Rolling into Bedion, Ashley and I dodged around market traffic before finding a detour to D972 and the start of the 20 km (12 mile) climb up Mont Ventoux. Properly named, venteux means windy in French, the wind was already picking up here among the beech trees. We passed several tour buses unloading cyclists and equipment on the side of the road already scattered with cyclists of all shapes and sizes. From high-end road bikes with carbon wheels to sturdy steel mountain bikes to a rollerblader with ski poles. Also, lots of car traffic. Windows down, cameras out trying to find a few feet to pass.
In this environment, I caught up with a young German boy climbing at about my same pace. He slipped onto my wheel and together we ascended. Every time I glanced back, seeing him just off my wheel gave me a little extra motivation to push the pace. Eventually we emerged from the tree coverage to be greeted by a strong and gusty headwind. Turning the hairpin at the Chalet Reynard this same wind gave us a push from behind. I sat up in an attempt to use my torso as a sail. The next hairpin slammed us once again into the teeth of the wind. My companion took a turn at the front.

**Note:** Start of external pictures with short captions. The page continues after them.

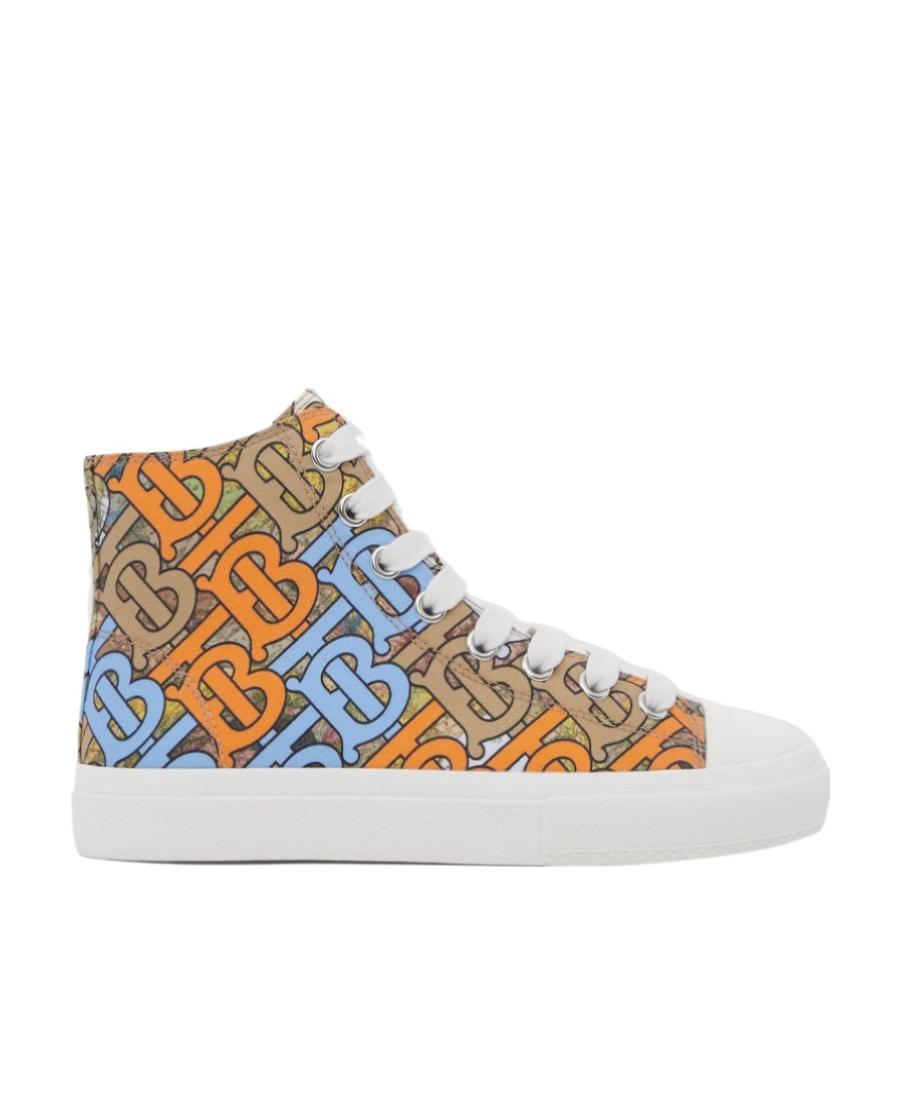 スニーカー BURBERRY HIGH-TOP SNEAKERS BURBERRY SNEAKERS MAN HI TOP SCARPE SHOES HERRENSHUHE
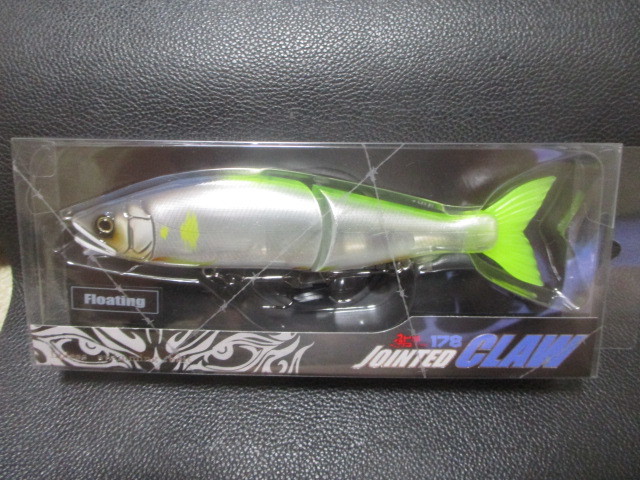 （F1020)　ガンクラフト　ジョインテッドクロー178F　ほぼほぼGMチャート　新品未使用！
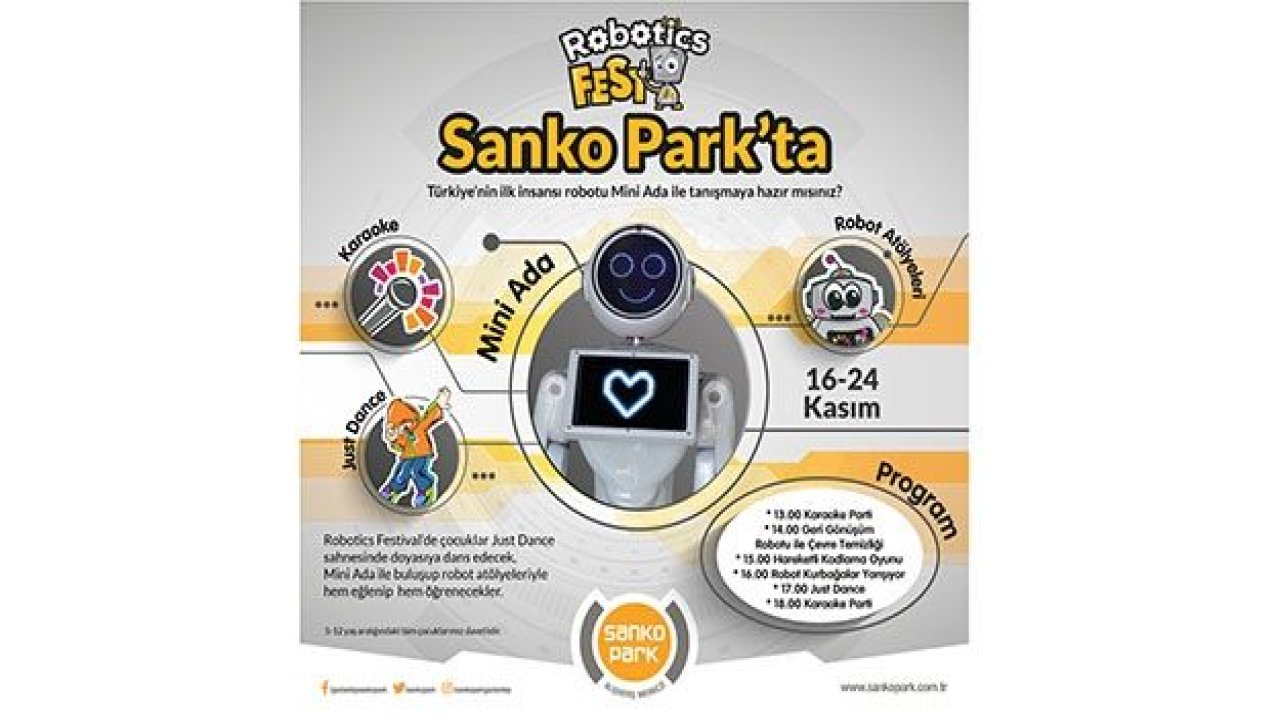 ROBOTICS FEST SANKO PARK'TA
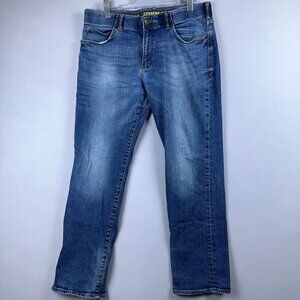 Lee Straight Fit Tapered Leg Jeans Mens Size 36X30 Extreme Motion 2015042 Blue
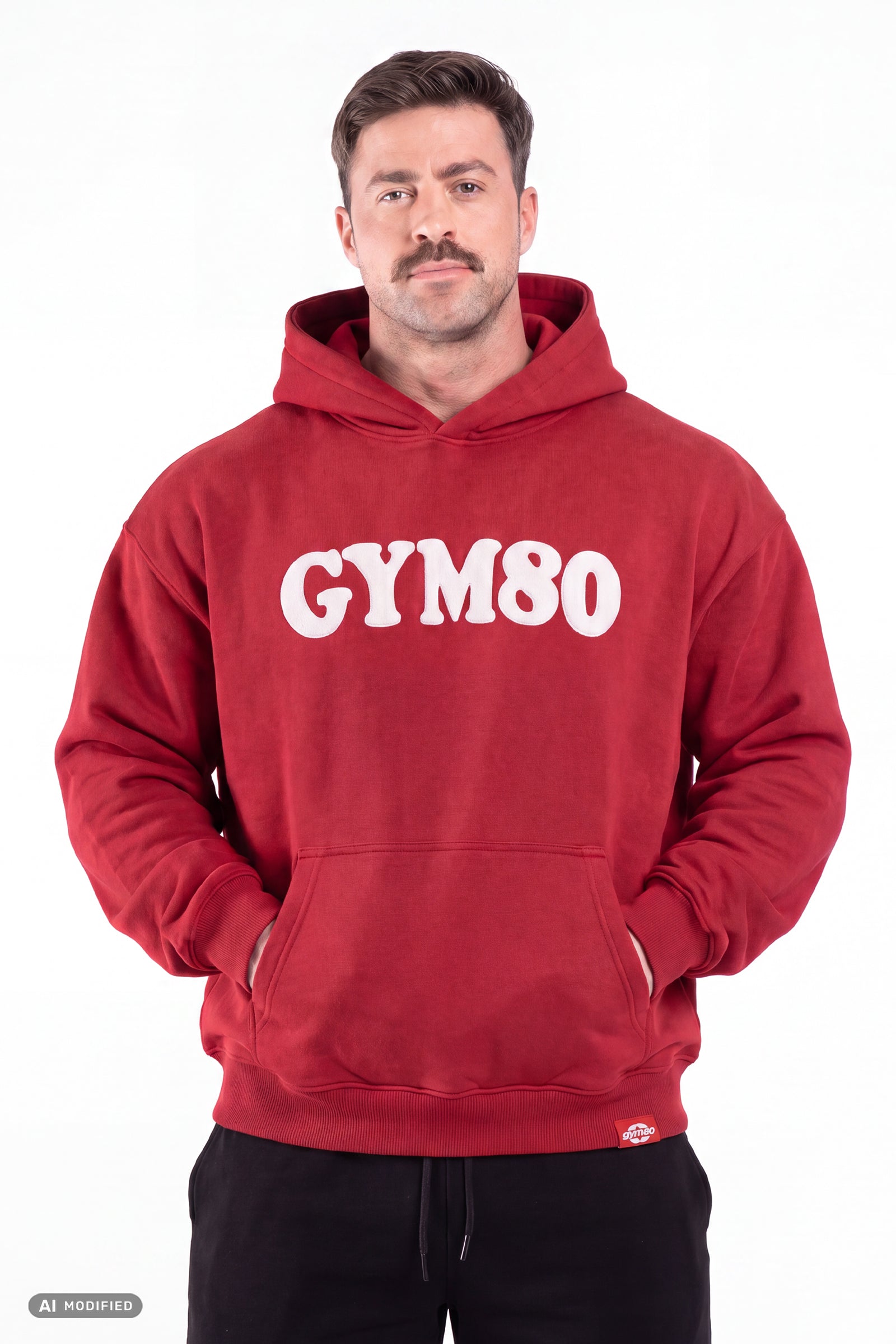 GYM80 OVERSIZE HOODIE RED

With about 1 km to go we passed the shrine to Tom Simpson and I put my head down and attacked, giving the mountain everything I had left. With 200 meters to go I was alone and approaching the final steep hairpin. From behind I heard, “Let’s go! Let’s sprint!” The boy came around me. I tried to respond to his counter attack, but he took me by a bike’s length. Shaking hands we laughed and assured the other that we were both at our limits.

Mont Ventoux
The wind howled among the crowd gathered at the top, snapping photos. Still clear, threatening clouds loomed to the north west. Soon Ashley joined me at the top and we wasted little time in descending towards Malaucene and lunch.